[Dataset content]
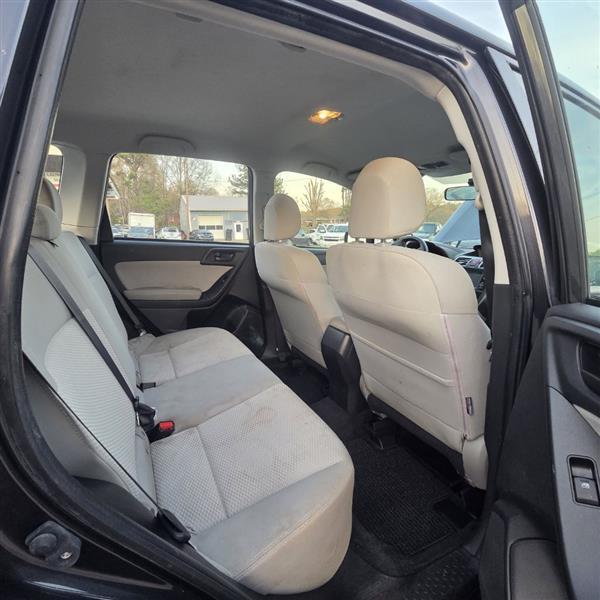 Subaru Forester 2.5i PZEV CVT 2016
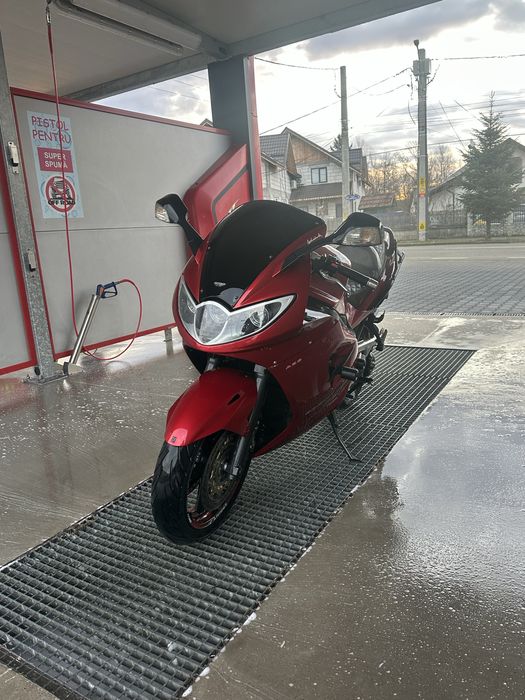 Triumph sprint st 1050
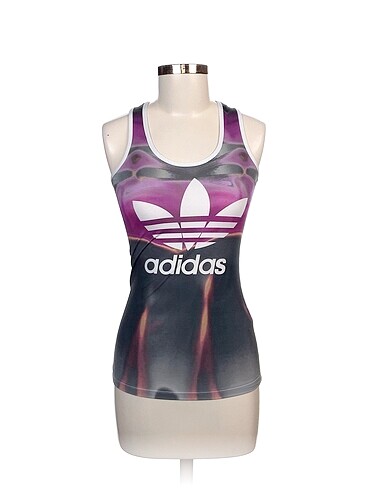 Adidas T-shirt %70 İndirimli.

[To do] Reproduce, word for word, every line from the one that contains "Triumph sprint st 1050" to the end of the data, including both ends; omit all pictures.

[Response to the exercise]
 Triumph sprint st 1050
 Adidas T-shirt %70 İndirimli.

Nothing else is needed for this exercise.